Genre Explorations

Writer Jon Wilson switches gears with ‘Graceland’ • St Pete Catalyst

His 37 years as a dedicated and highly respected newspaper reporter gave little clue as to the breadth of Jon Wilson’s literary gifts. Neither did his informative books about the African American history of St. Petersburg or, for that matter, the novel he wrote about a 19th century stagecoach’s mad run between Brooksville and Tampa.

Nothing Jon Wilson ever wrote suggested that Helpless at the Gates of Graceland might one day materialize. Not even Jon Wison saw it coming.

The book, a slim collection of short stories and poetry, is published next week by St. Petersburg Press.

These are not Stephen King short stories, or O. Henry. Wilson’s creative narratives are impressionistic, mostly non-linear and sometimes even dreamlike in the telling.

“Even though I’ve written mostly non-fiction over the years, I’ve always had some stories kicking around in my head,” Wilson, 80, explains. “Or more like bits of stories, really. I finally decided I’d try to have some fun, create some fiction, and kind of enlarge some of these vague ideas that I had.”

Some ideas were on random slips of paper tucked away, or a word or phrase jotted down in a file inside a nameless computer folder.

In one Helpless story, the narrator meets a vexing and unusual young woman with the unlikely name of China Clarence. This came from a random computer file. “I think ‘China Clarence’ was almost all I had as a starting point,” Wilson explains. “It was just ‘China Clarence time travels,’ something like that.”

The ideas, he says, literally introduced themselves to him. “I found a music box one day at Brocante Vintage, and it played a hymn. Inscribed on the lid inside was the name Jenny. For some reason, that just made me think of a story … the music box seemed a little mysterious to me. What was its history? So I just took off with a story.

“Who knows where these things come from?”

Jesus Up the Creek, Playing Baseball with Jackie Robinson and The Lady and the Lion all take place in St. Petersburg (although the latter, full of snappy ’40 detective patter, announces its setting as “St.
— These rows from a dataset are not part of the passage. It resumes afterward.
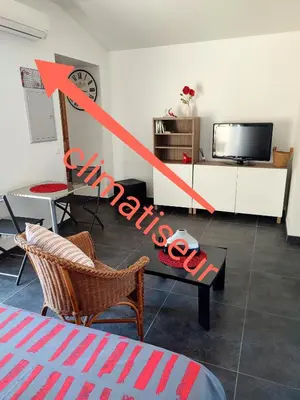 a living room with a table and a tv at Studio R Homps in Homps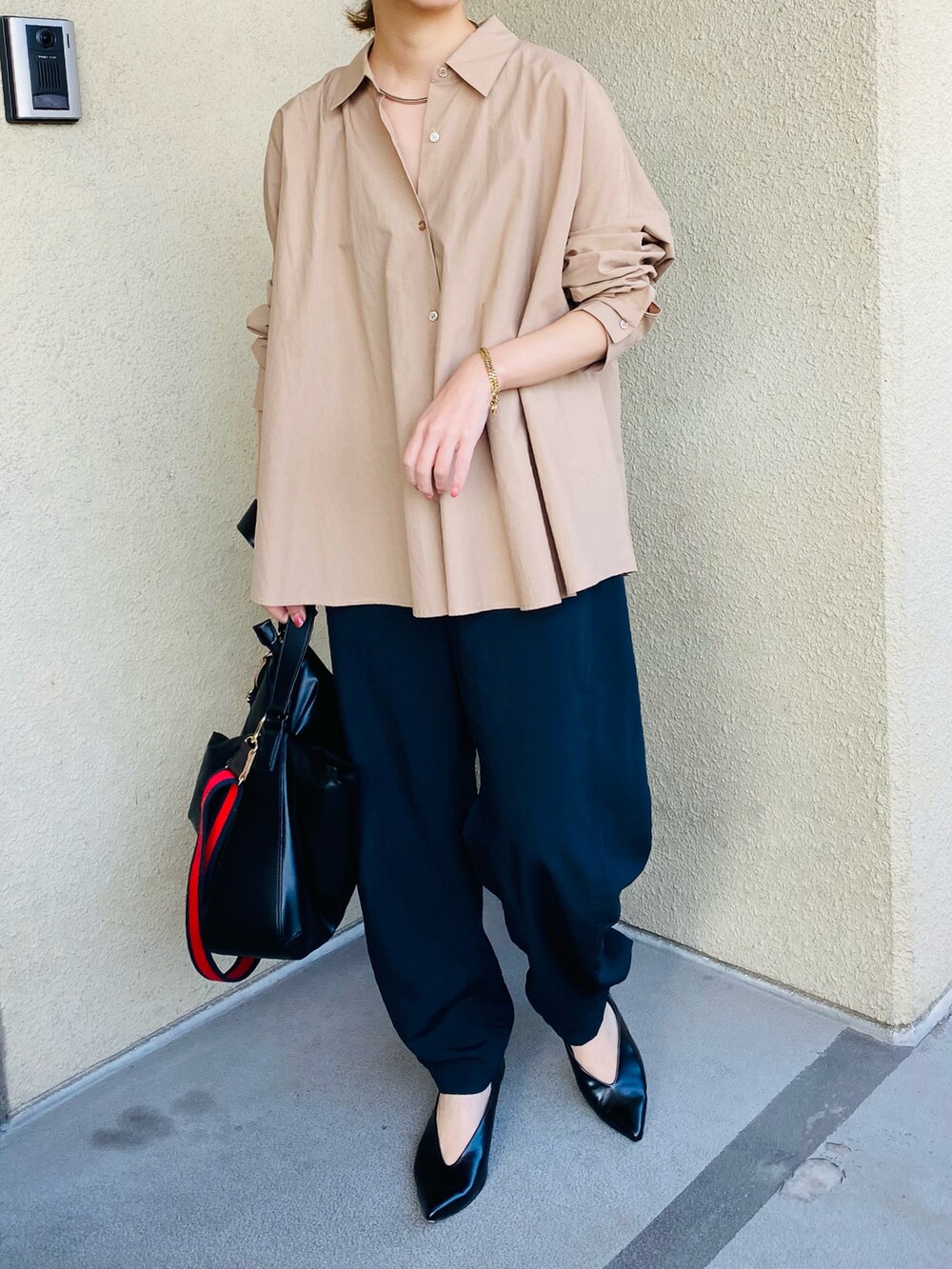 ブラック系のパンツ、ベージュ系のシャツ/ブラウス、ブラック系のパンプスを着用したレディースの秋コーディネートの3枚目の写真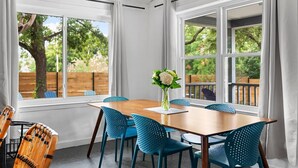 A dining area with a wooden table and blue chairs, large windows with white curtains, and a view of a tree and fence outside.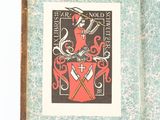 an old book with a picture of a knight on it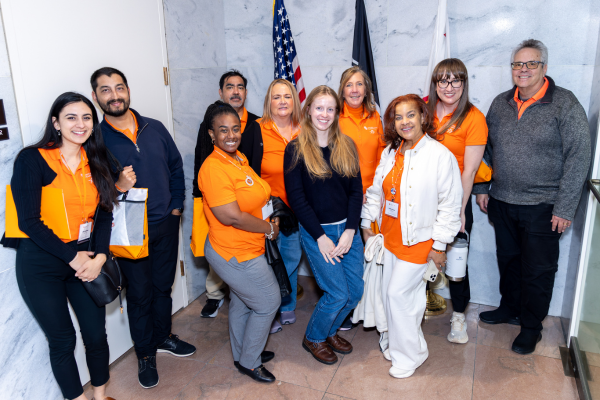 Group on NKF advocates posing with congress aid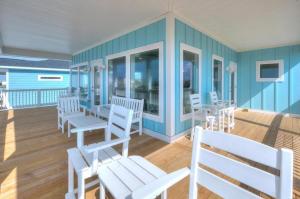 een kamer met witte stoelen en tafels op een terras bij Ocean Peek in Oak Island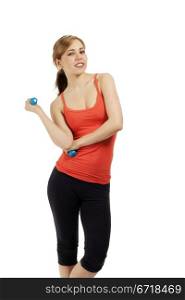 smiling fitness woman with dumbbells. young confident smiling fitness woman with dumbbells on white background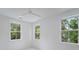Bedroom features a ceiling fan and large windows that provide natural light and views at 5710 Barbary Coast Rd, Hollywood, SC 29449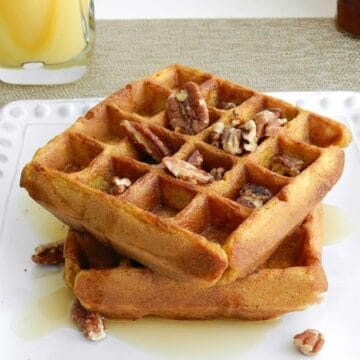 Two pumpkin Belgian waffles topped with maple syrup and pecans stacked on a plate.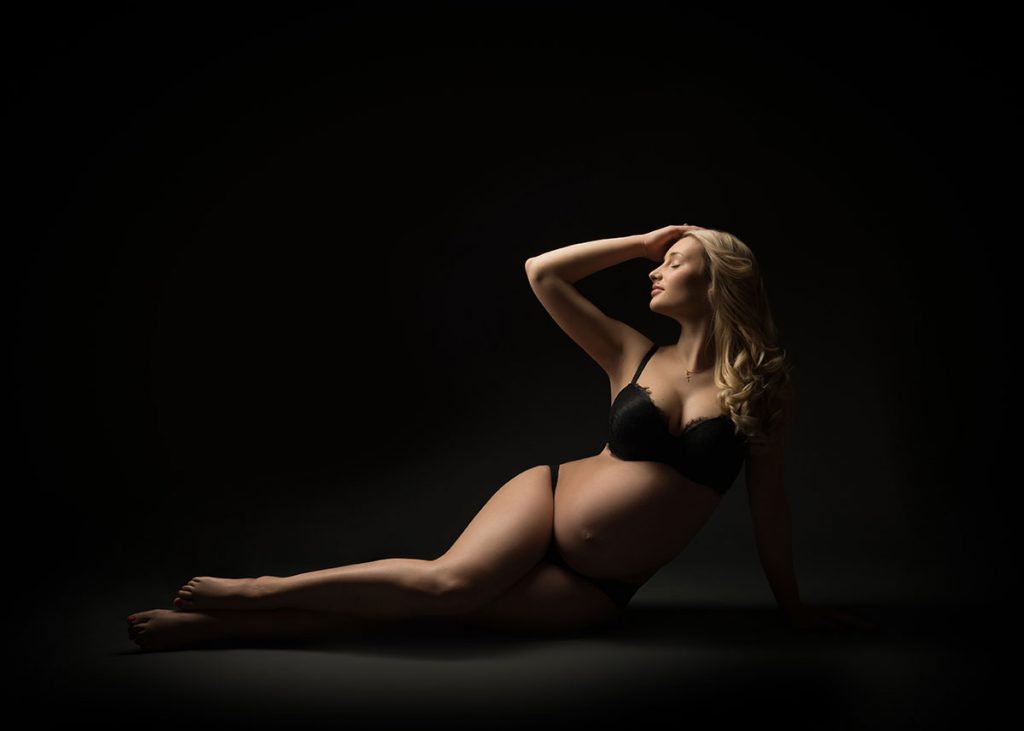 pregnant woman laying down on black backdrop in Midtown photography studio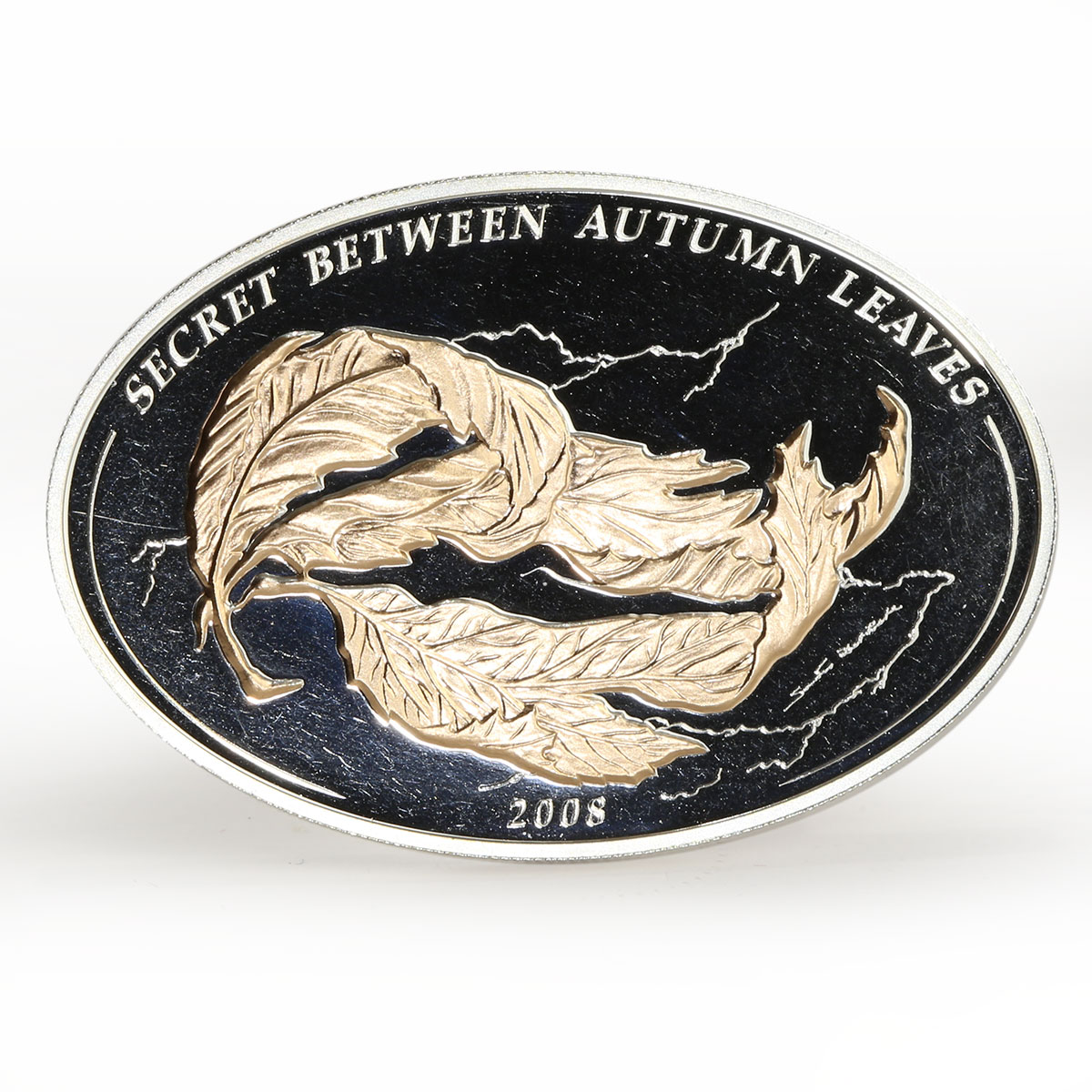 Palau $5 Secret between Autumn Leaves Oval Shaped Silver Coin 2008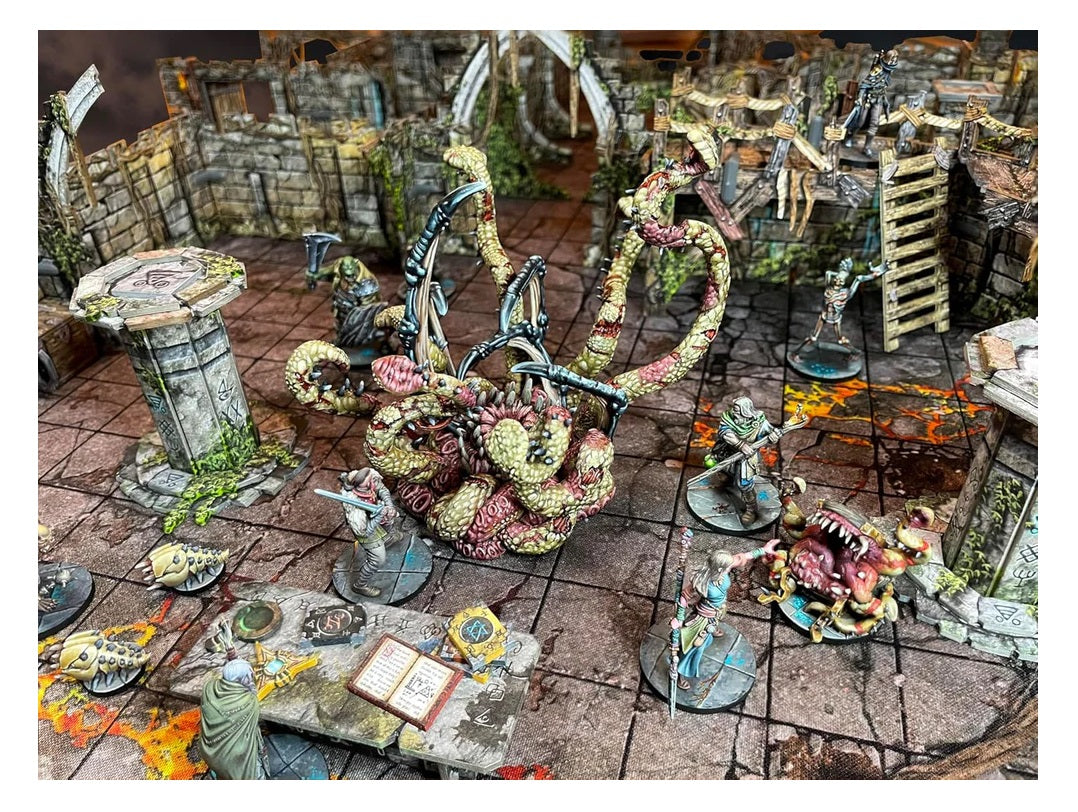 A huge, multi-tentacled monster miniature in a ruined dungeon battles fantasy heroes and creatures on a grid map.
Petersnoir.” At 22 pages, it’s the longest single entry in the book).

The Day We Found the Hummingbird follows three kids on an adventure in the wilds of Western Nebraska.

That’s where Jon Wilson grew up, near a town called Scottsbluff. “Until I was 9 or 10, I lived on a farm,” he reflects. “And there was no one my age around to play with. So I would make up my own stories. I’d play baseball by myself, if you can imagine that. Or make-believe Army games, where you break through the bushes and imagine you’re fighting in a war.

“If I didn’t have anything to do, I could always go into my mind and create a story. Give myself something to do. It’s funny, I kept that up even when we moved into a town and there were kids my age available to play with. I think I always had that little spot in my mind where I could go and amuse myself.”

His family arrived in St. Petersburg in 1956. A graduate of Dixie Hollins High School, Wilson joined the Army in 1966 and was on active duty for four years. Upon his return he studied English at the University of South Florida, earning master’s degrees in journalism studies and liberal arts.

Wilson wrote for St. Pete’s Evening Independent and its sister paper, the St. Petersburg Times, for nearly 40 years. He was a Florida Humanities communications consultant for another decade.

His “Cracker Western” novel, Bridger’s Run, was published in the 1990s (“It was more of an experiment than anything else”). His non-fiction books include The Golden Era in St. Petersburg: Postwar Prosperity in The Sunshine City, St. Petersburg’s Historic African American Neighborhoods and St. Petersburg’s Historic 22nd Street South (with Rosalie Peck) and Days of Fear: A Lynching in St. Petersburg (with Jane McNeil).

Wilson was a key member of the team that established St. Petersburg’s African American Heritage Trail in 2012.

After all that serious, important business, Wilson says, Helpless at the Gates of Graceland was “a lot of fun for me to do. It showed that I could create some fiction and some poetry – although the professionals might call it something else!

“The big reward, to me, was getting all that stuff together, little bits and pieces of ideas, and expanding on them.

“I consider it to be an accomplishment of sorts, not a big deal, but people who have read it tell me they liked it. And that’s rewarding.”

Helpless at the Gates of Graceland will be available at Tombolo Books, through Amazon and directly from St. Petersburg Press.